Wiki: Omega 13 Generated: 2025-12-29

Relevant source files

The following files were used as context for generating this wiki page: - [compose.yml](https://github.com/b08x/omega-13/blob/main/compose.yml) - [src/omega13/transcription.py](https://github.com/b08x/omega-13/blob/main/src/omega13/transcription.py) - [src/omega13/app.py](https://github.com/b08x/omega-13/blob/main/src/omega13/app.py) - [README.md](https://github.com/b08x/omega-13/blob/main/README.md) - [CHANGELOG.md](https://github.com/b08x/omega-13/blob/main/CHANGELOG.md) - [src/omega13/config.py](https://github.com/b08x/omega-13/blob/main/src/omega13/config.py)

Whisper Server Deployment

1. Introduction

The Whisper Server Deployment represents the transcription backbone of the Omega-13 system. It functions as a containerized inference engine that processes audio files via an HTTP API. Structurally, the system decouples the high-latency, resource-intensive transcription task from the real-time audio capture engine. The deployment relies on a CUDA-enabled whisper.cpp implementation, facilitating GPU-accelerated speech-to-text processing which is then consumed by the Python-based frontend.

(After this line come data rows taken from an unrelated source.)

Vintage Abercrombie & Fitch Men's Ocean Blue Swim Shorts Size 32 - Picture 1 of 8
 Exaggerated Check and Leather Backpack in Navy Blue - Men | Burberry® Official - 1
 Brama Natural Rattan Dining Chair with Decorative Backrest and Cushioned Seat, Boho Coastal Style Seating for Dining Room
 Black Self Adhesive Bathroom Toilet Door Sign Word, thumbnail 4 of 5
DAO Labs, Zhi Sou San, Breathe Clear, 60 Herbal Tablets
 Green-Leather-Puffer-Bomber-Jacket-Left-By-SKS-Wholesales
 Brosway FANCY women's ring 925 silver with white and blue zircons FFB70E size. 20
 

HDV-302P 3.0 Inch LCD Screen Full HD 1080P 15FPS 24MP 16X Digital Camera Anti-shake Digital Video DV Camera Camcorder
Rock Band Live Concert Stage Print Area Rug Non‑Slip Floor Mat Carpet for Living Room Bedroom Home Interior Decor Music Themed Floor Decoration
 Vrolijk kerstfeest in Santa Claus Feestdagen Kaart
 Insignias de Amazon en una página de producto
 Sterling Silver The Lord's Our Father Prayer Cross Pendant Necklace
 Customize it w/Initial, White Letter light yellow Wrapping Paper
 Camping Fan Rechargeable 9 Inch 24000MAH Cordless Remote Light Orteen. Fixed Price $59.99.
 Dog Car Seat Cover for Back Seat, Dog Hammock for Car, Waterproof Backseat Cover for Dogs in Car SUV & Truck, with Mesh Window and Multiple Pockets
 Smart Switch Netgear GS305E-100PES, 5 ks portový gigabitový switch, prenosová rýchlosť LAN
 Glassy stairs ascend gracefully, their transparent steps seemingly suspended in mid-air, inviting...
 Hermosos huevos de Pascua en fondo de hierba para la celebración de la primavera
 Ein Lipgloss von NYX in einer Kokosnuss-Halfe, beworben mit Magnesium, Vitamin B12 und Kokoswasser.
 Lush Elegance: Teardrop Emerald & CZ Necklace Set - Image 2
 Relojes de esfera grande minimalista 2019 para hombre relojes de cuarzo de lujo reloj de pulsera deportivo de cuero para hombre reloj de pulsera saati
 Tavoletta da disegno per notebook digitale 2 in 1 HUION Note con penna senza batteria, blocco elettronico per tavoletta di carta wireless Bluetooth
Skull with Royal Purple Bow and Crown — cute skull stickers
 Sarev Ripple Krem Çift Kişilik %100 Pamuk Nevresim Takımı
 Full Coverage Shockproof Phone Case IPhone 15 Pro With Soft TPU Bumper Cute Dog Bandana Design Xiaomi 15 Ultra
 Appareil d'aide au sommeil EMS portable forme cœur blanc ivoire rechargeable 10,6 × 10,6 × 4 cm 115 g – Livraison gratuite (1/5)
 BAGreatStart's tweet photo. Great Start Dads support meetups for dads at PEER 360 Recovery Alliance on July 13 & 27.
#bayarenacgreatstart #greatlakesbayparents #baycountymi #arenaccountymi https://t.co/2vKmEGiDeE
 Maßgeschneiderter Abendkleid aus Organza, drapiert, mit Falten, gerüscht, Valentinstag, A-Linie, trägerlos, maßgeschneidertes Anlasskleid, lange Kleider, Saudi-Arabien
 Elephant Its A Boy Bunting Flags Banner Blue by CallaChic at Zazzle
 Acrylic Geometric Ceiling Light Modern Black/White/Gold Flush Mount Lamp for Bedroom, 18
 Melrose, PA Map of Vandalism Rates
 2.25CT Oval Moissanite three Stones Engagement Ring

Sources: compose.yml, src/omega13/transcription.py:#L1-L15, README.md

2. Containerized Infrastructure

The deployment is orchestrated via Docker Compose, targeting a specialized CUDA image. The architecture prioritizes performance by mounting host directories for models and recordings, and by exposing hardware-level GPU access to the container.

Hardware and Resource Allocation

The server is configured to utilize NVIDIA GPUs through the nvidia-container-toolkit. Despite being a “server,” it operates with significant local dependencies, requiring specific model files (e.g., ggml-large-v3-turbo-q5_0.bin) to be present on the host filesystem.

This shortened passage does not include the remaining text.